内侧脉搏跳的又快又滑,像是被倒进热水里的泥鳅一样,但按到深处又突然变得虚软无力,像是枯黄的树叶随时可能从树上落下。
他起身用两指探了探皇后额头的温度,像是炭火一样热,但手又凉的像身处寒冬腊月。
蔺誉皱着眉,少顷,他对梁以桉说:“脉象紊乱,娘娘肝火烧的心旺,肾气却有些亏损,最麻烦的是心脉,就像是四处漏风的茅草屋,心力衰竭。”

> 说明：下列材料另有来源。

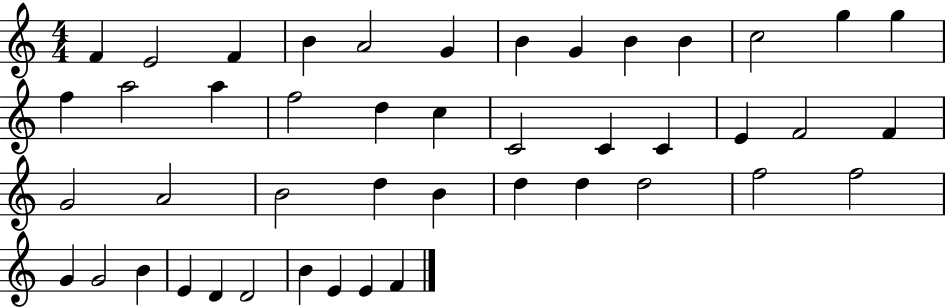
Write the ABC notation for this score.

梁以桉难掩眼中的哀痛,他说:“御医也是这么说的,他说,如今已是再无回天之力。”他不愿再说下去,只趴在皇后床榻前默默流泪。
李泉上前轻声安慰。
蔺誉把皇后娘娘的手放好,他走到桌前,拿起那个茶杯细细观察。
他一寸一寸摸去,杯壁光滑无比,是做工极好的窑子烧出来的。
蔺誉正要将杯子放回去,这时外面突然传来脚步声,庆燕的声音传来:“见过圣上。”
蔺誉一慌,手没拿稳,杯子就这样掉到地上。
“啪嚓-”
清脆的声音在空旷的殿中格外响亮。
蔺誉跪倒在地,请罪:“奴才该死,奴才该死。”
梁晋大跨步走过来,注意到地上的狼藉和跪倒在一旁的太监,眼睛都没抬一下:“做事不仔细,怎么在太子身边侍奉的?”
李泉跪在他身旁,诚惶诚恐:“圣上息怒,这小子平常机灵得很,许是头回见到圣上,心里激动,奴才回去定好好教导他。”
蔺誉头也不敢抬,嘴上不住地喊“圣上饶命”,在地上跪着走过去,把碎片收拾好,伏着身子不动。
他两辈子加起来拢共没见过几回梁晋,重生回来更是忙着别的事,况且宴会什么的郑青云不爱去,蔺誉也就没去过几回,所有梁晋只知道几年前郑恒捡回来一个好友的遗孤,具体是谁、长什么样,他也不知道。